Outro professor da UnB, Estevão, está participando de uma comissão do MEC, que estuda a possibilidade de retorno da Filosofia, como disciplina, nos cursos de II Grau. O colégio Quilombo dos Palmares promete, a título experimental, introduzir a disciplina no currículo de seus alunos, no próximo ano.
Caetano Veloso, atento compositor popular, em sua mais recente e comentada criação, Língua, diz: "Gosto de sentir a minha língua roçar/A língua de Luís de Camões/Gosto de ser e estar/ E quero me dedicar/ A criar confusão de prosódia/ E uma profusão de paródias/ Que encurtem dores/.../ E sei que a poesia está para a amizade/ E quem há de negar que esta lhe é superior? / E deixa os portugais morrerem / a minha pátria é minha língua / Fala Mangueira/ ... / Se você tem uma idéia incrível / É melhor fazer uma canção / Está provado que só é possível / Filosofia em alemão / ..."

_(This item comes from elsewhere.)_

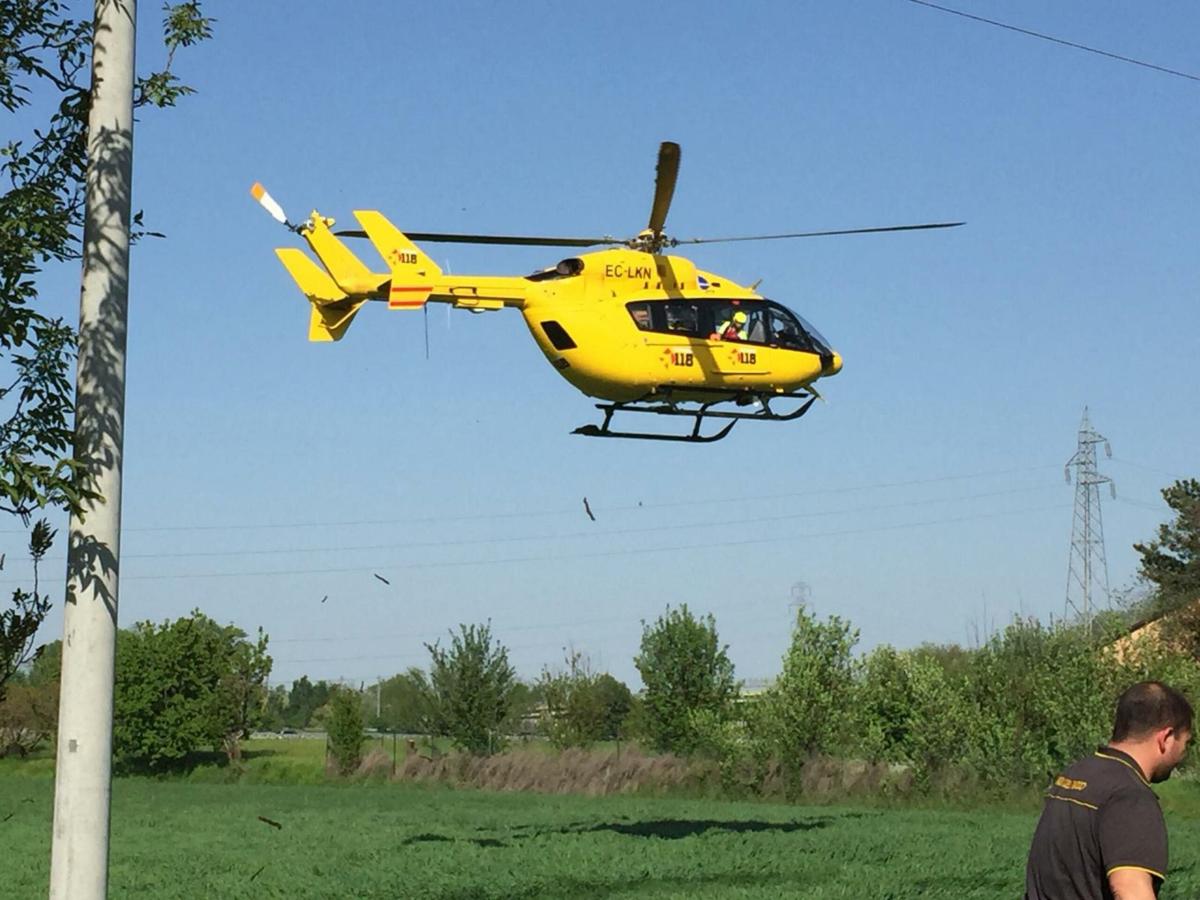 Messina, incidente con il parapendio per un uomo: è stato salvato dai Vigili del Fuoco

Pois Caetano Veloso traz à tona a velha discussão. Por que os grandes filósofos são, na maioria das vezes, alemães? E nos, sem latim, filosofia e história, dia chegará em que conseguiremos nem sequer criar canções.
CAETANO, Maria do Rosário. As disciplinas fora do Ar. Correio Brasiliense. Brasília: 02 de julho de 1984.

Um comentário:

  1. A jornalista Maria do Rosário Caetano foi minha aluna brilhante no curso de Letras na UnB em 1983. Era já jornalista formada quando fez o curso de Letras. Sua combatividade democrática ficou gravada nos anais da UnB.Me honro em tê-la como aluna exemplar em meus cursos. A entrevista sobre "As disciplinas fora do ar", feita em 1984 e publicada no Correio Braziliense, com os professores João Pedro Mendes e Celestino Pires, meus colegas, figuras eminentes do Departmento de Filosofia da UnB, mostram a capacidade jornalística de Maria do Rosário Caetano em superar as pequenas superficialidades da informação e preferir se deter a explorar temas menos comuns em nosso jornalismo. Ao entrevistar os dois professores peritos em línguas e culturas clássicas e filosofia, a jornalista mostrou que há que buscar fundamentos sólidos para uma formação universitária e que destes fundamentos devem fazer parte necessariamente o conhecimento da língua portuguesa em alto grau, a cultura clássica e a filosofia. Parabéns a Maria do Rosário Caetano pelo seu trabalho. Ficarei feliz se ela tiver oportunidade de ler este comentário. Desejo-lhe todo o bem e toda a saúde e que prossiga na permanente "luta de esclarecimento" - em sentido frankfurtiano ou não -, tão necessária junto aos cidadãos leitores de nossas publicações jornalísticas. Com o maior carinho e admiração, um beijo. João Ferreira, professor aposentado da UnB.